EXERCISE INSTRUCTIONS
Hand back all records exactly, pictures omitted.

[Image-text web data]
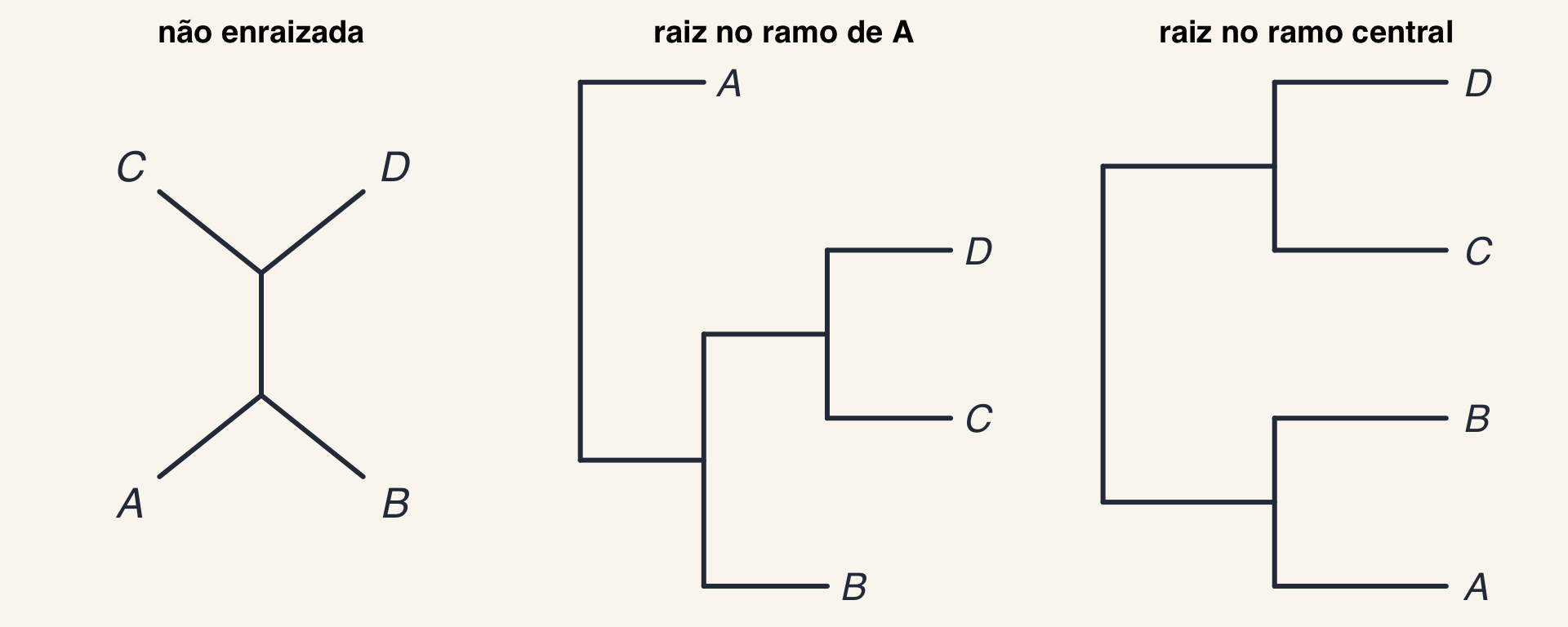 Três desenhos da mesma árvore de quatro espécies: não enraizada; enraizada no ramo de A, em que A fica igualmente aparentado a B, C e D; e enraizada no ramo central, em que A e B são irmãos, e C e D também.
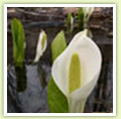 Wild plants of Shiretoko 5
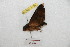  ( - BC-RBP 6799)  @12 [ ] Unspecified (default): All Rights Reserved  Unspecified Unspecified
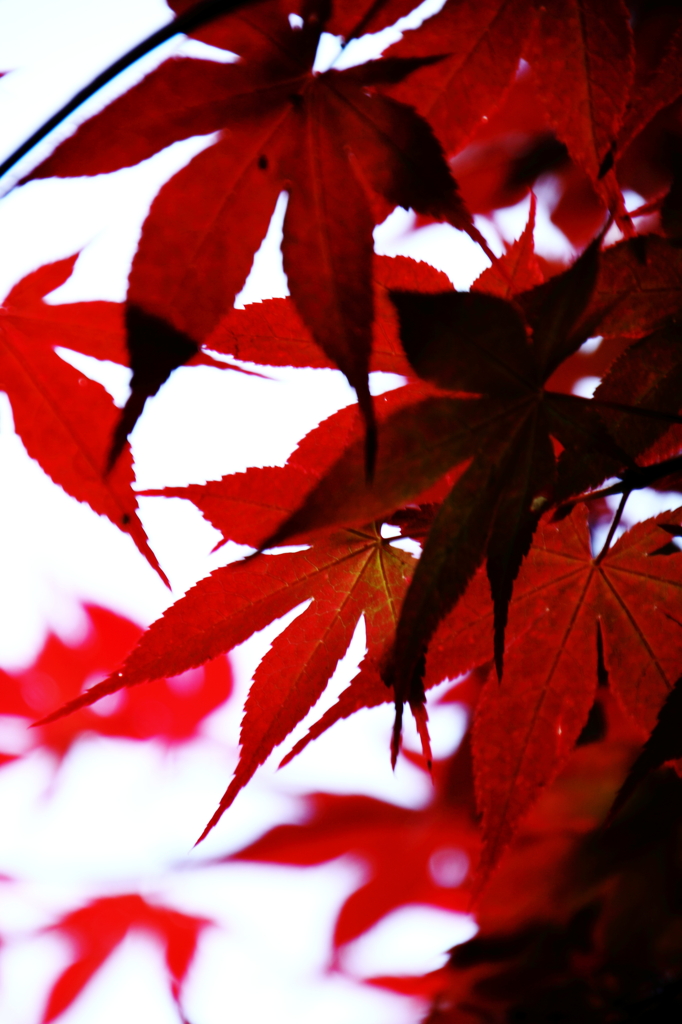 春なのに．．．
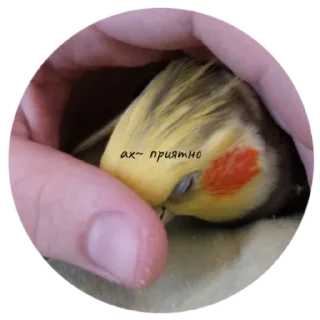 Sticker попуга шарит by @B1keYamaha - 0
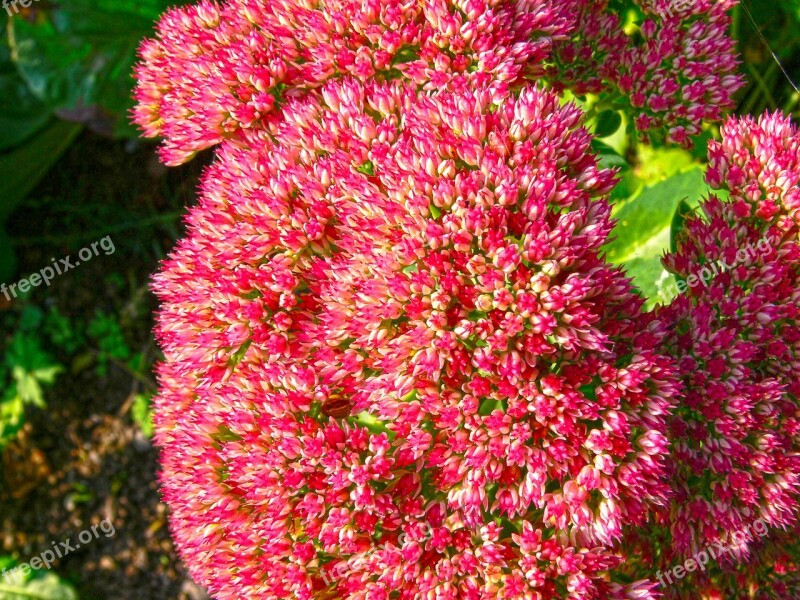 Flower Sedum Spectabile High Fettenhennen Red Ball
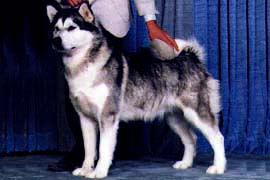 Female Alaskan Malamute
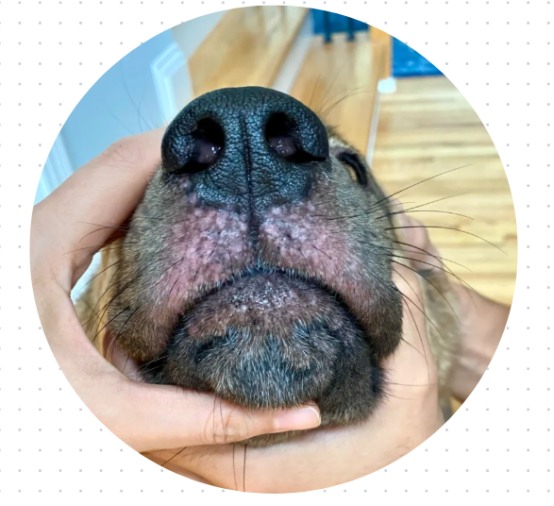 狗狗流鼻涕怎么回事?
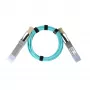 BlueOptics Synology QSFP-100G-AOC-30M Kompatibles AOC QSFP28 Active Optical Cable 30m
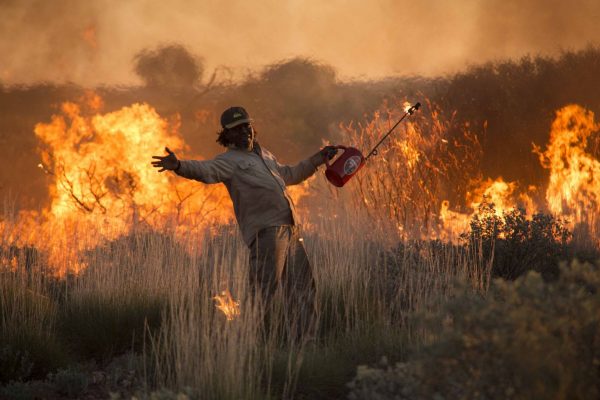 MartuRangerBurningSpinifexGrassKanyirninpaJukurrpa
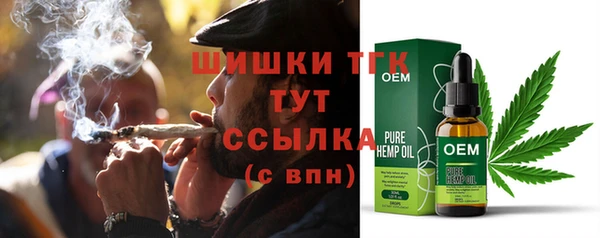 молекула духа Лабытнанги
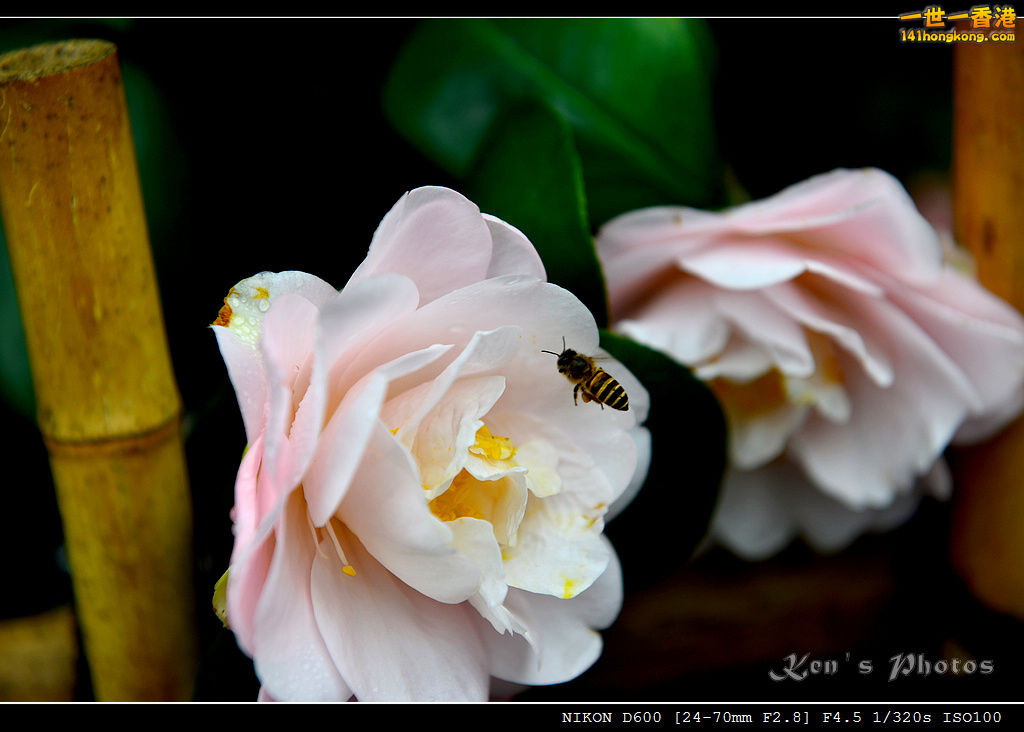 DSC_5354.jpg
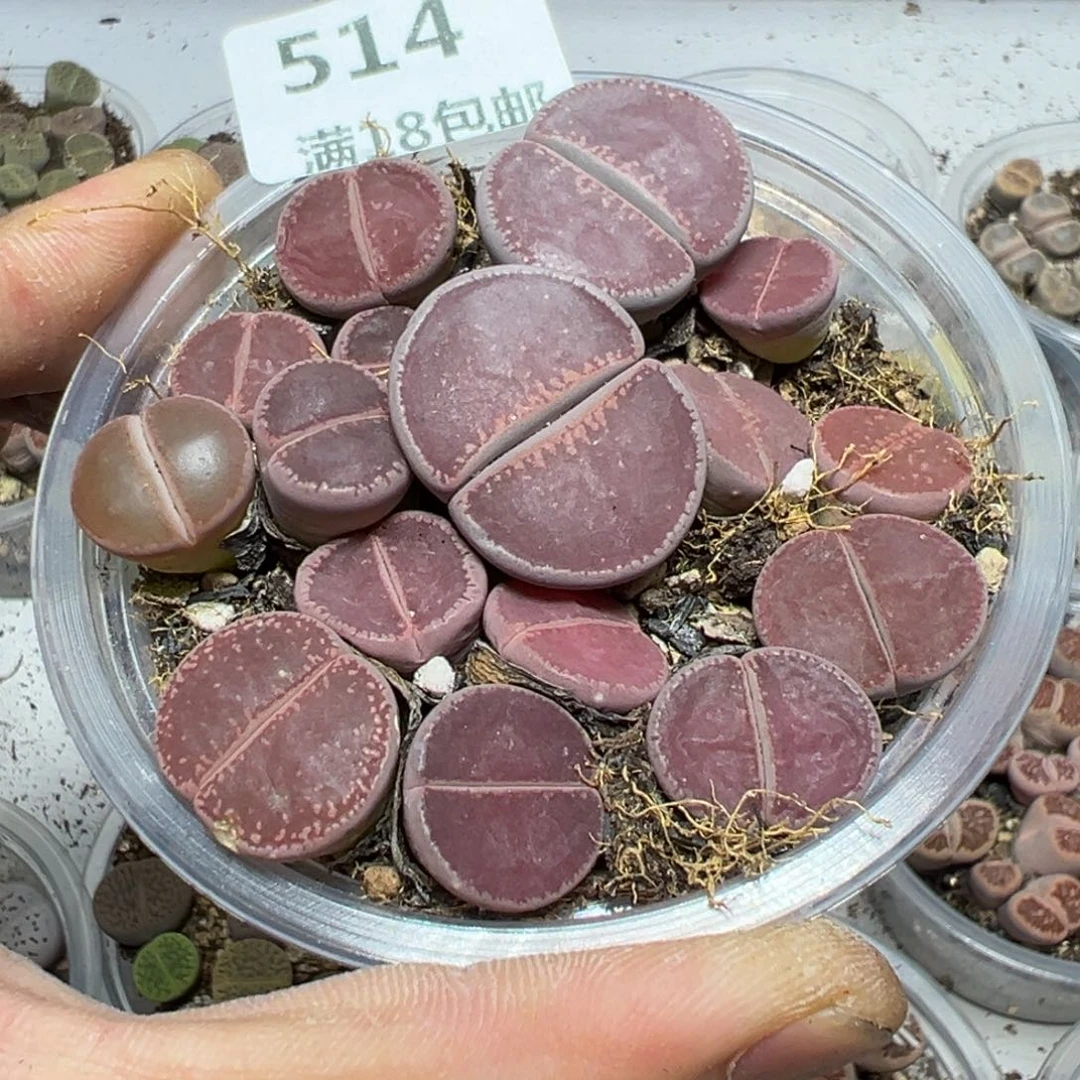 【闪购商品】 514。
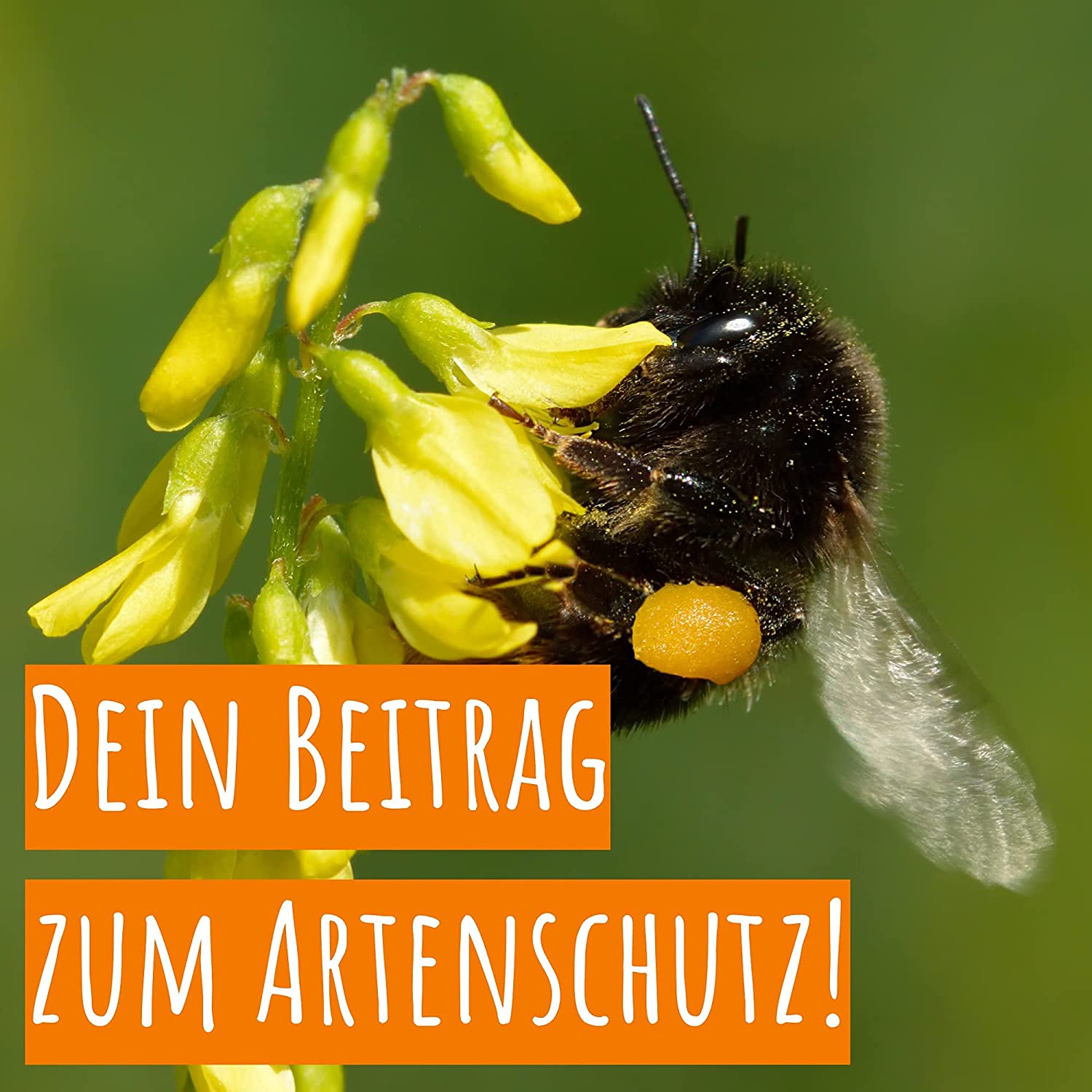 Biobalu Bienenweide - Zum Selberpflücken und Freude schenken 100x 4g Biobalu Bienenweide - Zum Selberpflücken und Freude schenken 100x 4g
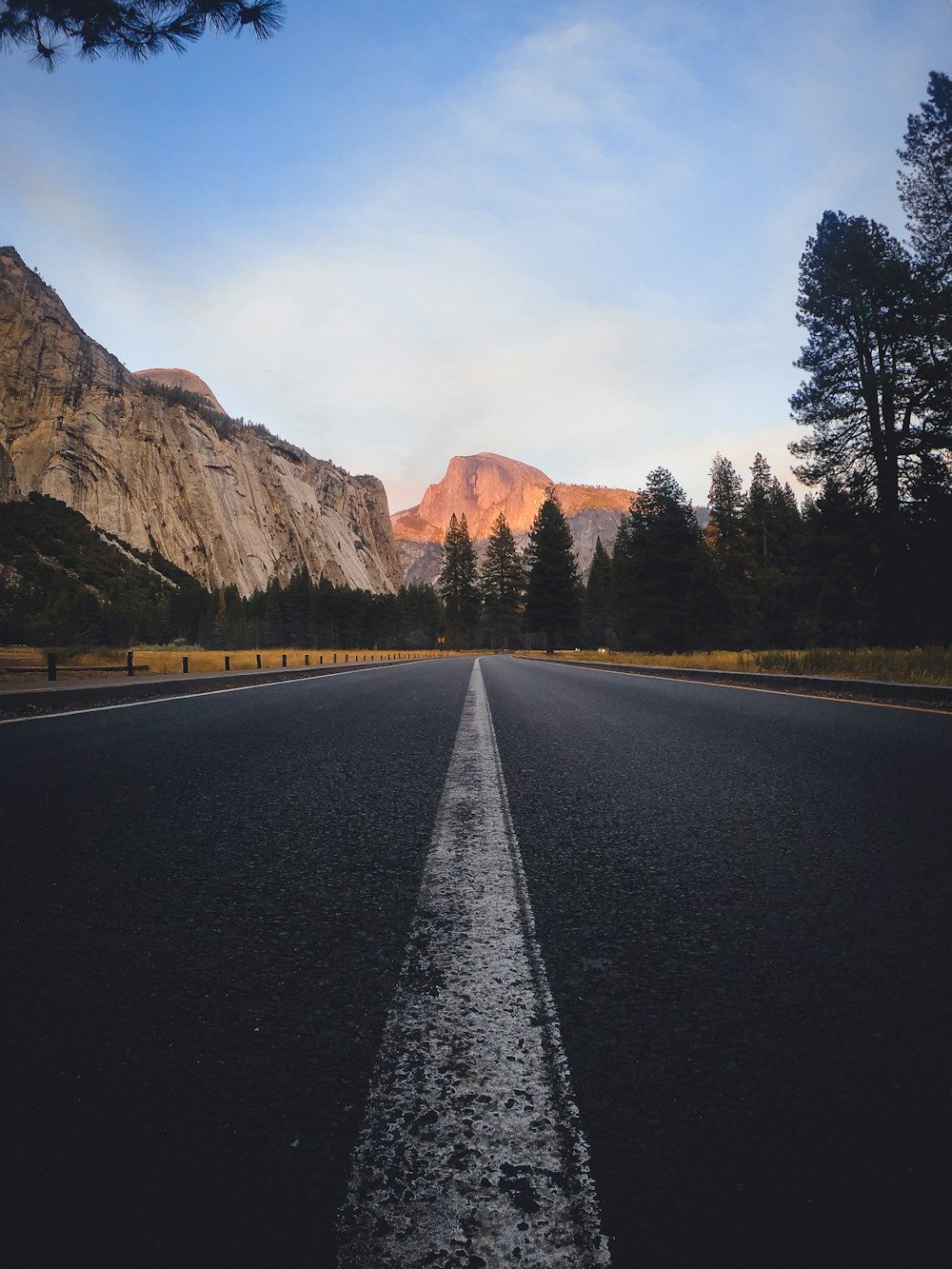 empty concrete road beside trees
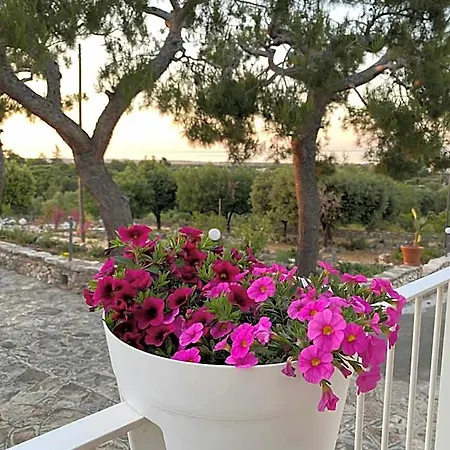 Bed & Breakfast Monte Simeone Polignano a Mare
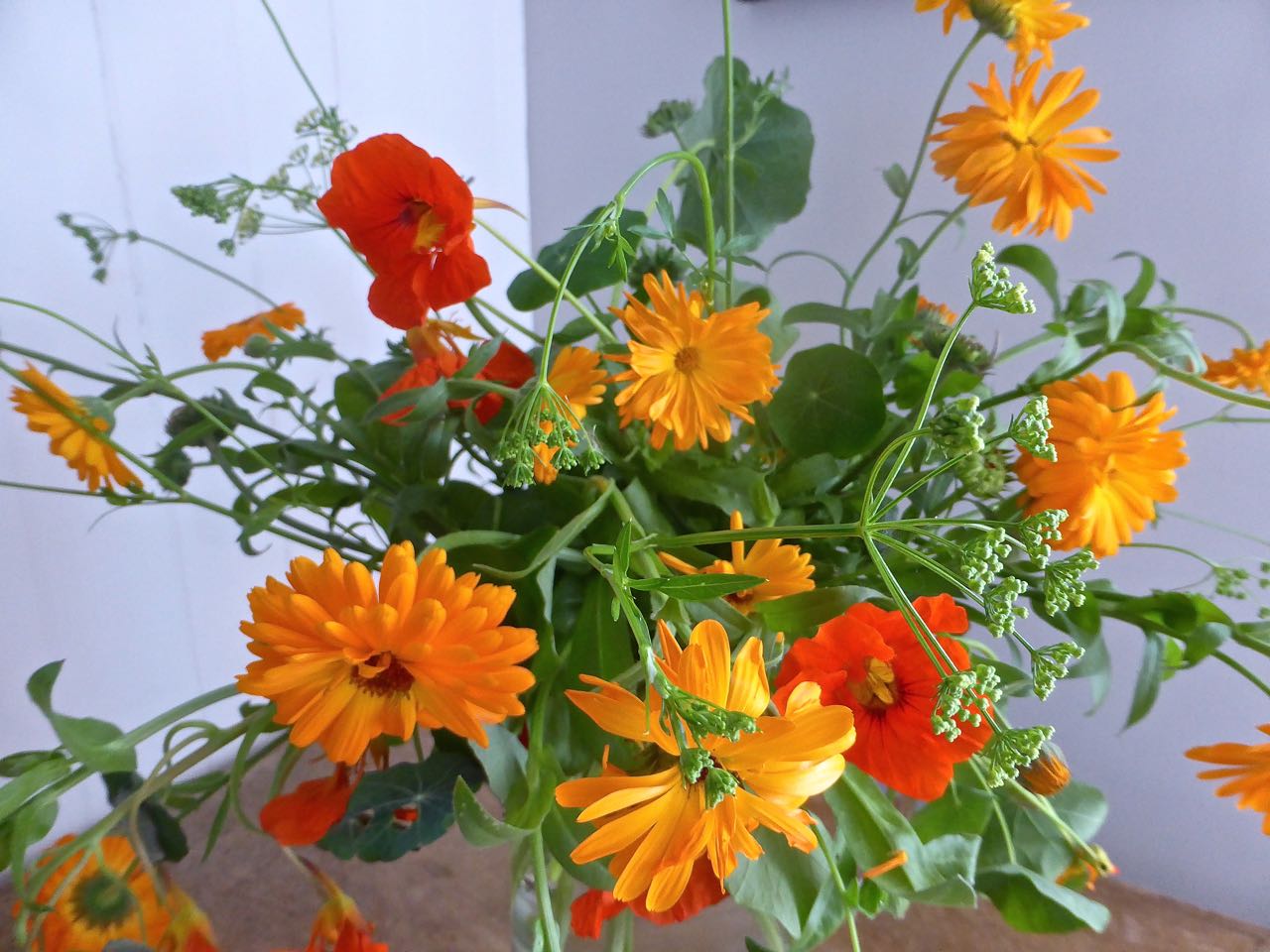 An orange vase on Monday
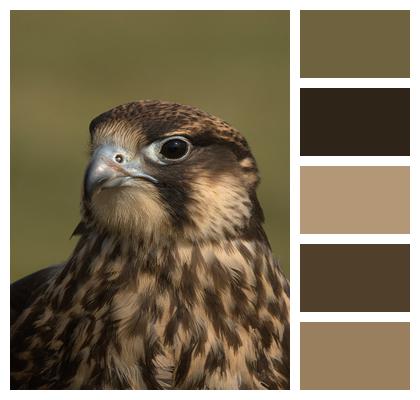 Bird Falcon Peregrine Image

EXERCISE RESULT
 Três desenhos da mesma árvore de quatro espécies: não enraizada; enraizada no ramo de A, em que A fica igualmente aparentado a B, C e D; e enraizada no ramo central, em que A e B são irmãos, e C e D também.
 Wild plants of Shiretoko 5
  ( - BC-RBP 6799)  @12 [ ] Unspecified (default): All Rights Reserved  Unspecified Unspecified
 春なのに．．．
 Sticker попуга шарит by @B1keYamaha - 0
 Flower Sedum Spectabile High Fettenhennen Red Ball
 Female Alaskan Malamute
 狗狗流鼻涕怎么回事?
 BlueOptics Synology QSFP-100G-AOC-30M Kompatibles AOC QSFP28 Active Optical Cable 30m
 MartuRangerBurningSpinifexGrassKanyirninpaJukurrpa
 молекула духа Лабытнанги
 DSC_5354.jpg
 【闪购商品】 514。
 Biobalu Bienenweide - Zum Selberpflücken und Freude schenken 100x 4g Biobalu Bienenweide - Zum Selberpflücken und Freude schenken 100x 4g
 empty concrete road beside trees
 Bed & Breakfast Monte Simeone Polignano a Mare
 An orange vase on Monday
 Bird Falcon Peregrine Image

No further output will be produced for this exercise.